Orr was found to possess all of the component parts of the incendiary devices allegedly used to set the arson fires that he stood accused of setting. Moreover, he kept them all together in his car. That had great probative value. By contrast, it appears to create little risk of unfair prejudice. Orr's possession of the component parts of a common incendiary device is not the sort of non-probative evidence that tends to provoke an emotional response in the jury. Cf. Bradley, 5 F.3d at 1320-21; United States v. Gillespie, 852 F.2d 475, 478-79 (9th Cir. 1988). The evidence was harmful to Orr's case, but that is no reason to exclude it under Rule 403. United States v. Bowen, 857 F.2d 1337, 1341 (9th Cir. 1988).
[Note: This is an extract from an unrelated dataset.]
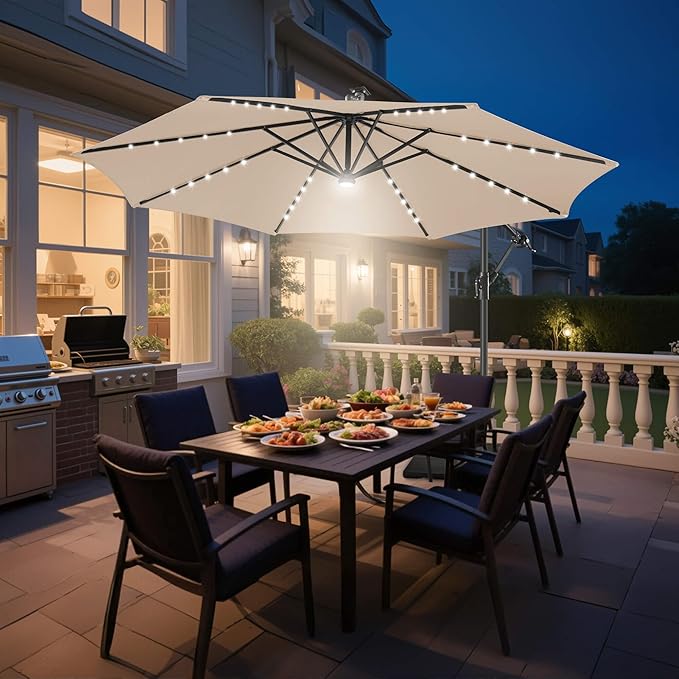 Solar Offset Patio Umbrella - 10 FT Solar Cantilever Umbrella Outdoor with 40 LED Lights and Cross Base, UV Protection for Garden, Deck, Backyard, Pool, Porch, Beige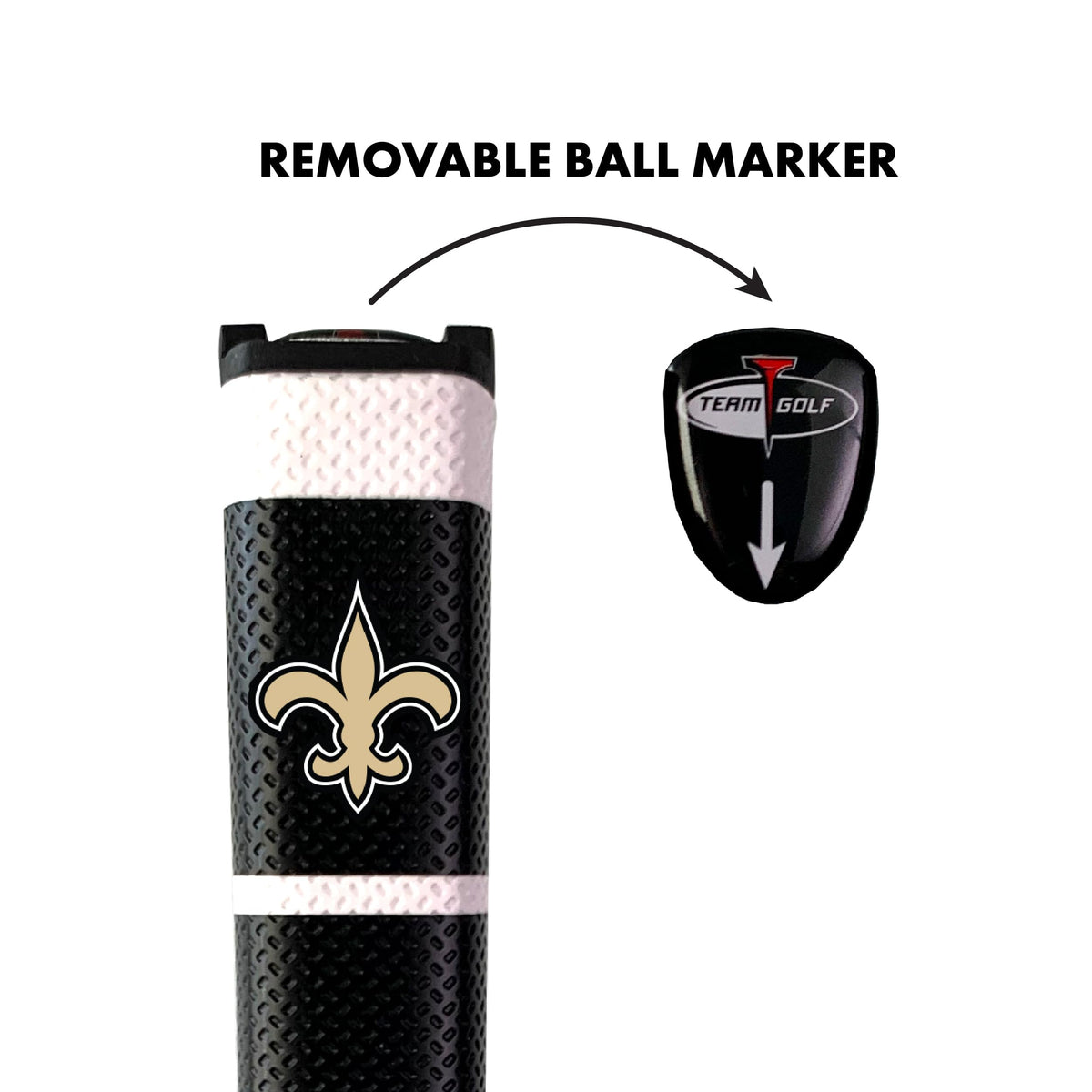 Team Golf Saints putter grip shown on the green for stable control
Furthermore, the fact that the bag was recovered five years after the charged fires were set may affect the weight of the evidence, but it does not render it too remote in time from the charged conduct to be admissible under rule 404(b). Cf. United States v. Hadley, 918 F.2d 848, 851 (9th Cir. 1990), cert. dismissed, --- U.S. ----, 113 S. Ct. 486, 121 L. Ed. 2d 324 (1992); United States v. Ross, 886 F.2d 264, 267 (9th Cir. 1989), cert. denied, 494 U.S. 1083, 110 S. Ct. 1818, 108 L. Ed. 2d 947 (1990); United States v. Spillone, 879 F.2d 514, 519 (9th Cir. 1989), cert. denied, 498 U.S. 878, 111 S. Ct. 210, 112 L. Ed. 2d 170 (1990). The district court did not abuse its discretion by admitting the black bag evidence. See United States v. Bailleaux, 685 F.2d 1105, 1111-12 (9th Cir. 1982).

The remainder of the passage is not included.